Bundestrainer Joachim Löw hat den Kader für die EM nominiert. Welche Chancen hat die deutsche Mannschaft, den Titel zu holen?

Christoph Metzelder hat kürzlich gesagt, dass man sich in Deutschland gar nicht darüber bewusst sei, welcher Respekt im Ausland der deutschen Fußball-Nationalmannschaft entgegengebracht werde. Der Innenverteidiger steht bei Real Madrid unter Vertrag, und in Spanien erlebt er, dass Deutschland dort zu den Favoriten für den Europameistertitel zählt. Der Favoriten gibt es bei dieser EM allerdings viele. Bei Weltmeisterschaften stellt Europa 13 der 32 Teilnehmer, und diese 13 gehören dort zu den stärkeren Mannschaften. Bei der EM starten 16 Teams, und anders als bei einer WM fällt keine der Mannschaften im Vergleich zu den anderen deutlich ab. So hat Deutschland, das es 2002 bis ins Finale der WM und 2006 bis ins Halbfinale schaffte, seit dem Sieg im Endspiel 1996 kein einziges Spiel mehr bei einer Europameisterschaft gewonnen.

Vor vier Jahren holte überraschend Griechenland den EM-Titel. Und dieses Mal rechnet sich selbst Rumänien, das in der nominell stärksten Gruppe mit Italien, Frankreich und den Niederlanden spielt, Chancen aus. Wenn man nur nach der individuellen Qualität der einzelnen Spieler geht, ist eigentlich Spanien der EM-Favorit, doch bei einem solchen Turnier gewinnt die beste – und manchmal auch die glücklichste – Gemeinschaft. Nicht nur in Spanien ist der Respekt vor den Deutschen deshalb so groß, weil sie eine gut funktionierende Mannschaft besitzen.
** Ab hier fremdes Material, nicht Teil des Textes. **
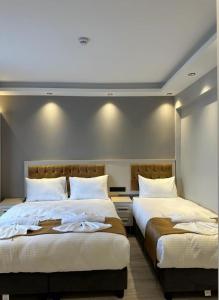 two beds sitting next to each other in a bedroom at Sareban Hotel Istanbul in Istanbul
Bundestrainer Joachim Löw und seine Mitarbeiter sind bei der Spiel- und Spielerbeobachtung akribisch, nutzen die modernsten Computermethoden und haben sich seit der WM zwanzigmal zu Klausuren getroffen, um diese Ergebnisse und ihre persönlichen Spielbeobachtungen auszuwerten. Jahrhunderte entfernt scheint da die Zeit zu sein, in der die Nationalmannschaft auch nach Vereinsproporz und Meinung des Boulevards aufgestellt wurde.Über eine Infrastruktur, wie sie das deutsche Trainerteam mittlerweile aufgebaut hat, verfügt nicht jeder EM-Teilnehmer.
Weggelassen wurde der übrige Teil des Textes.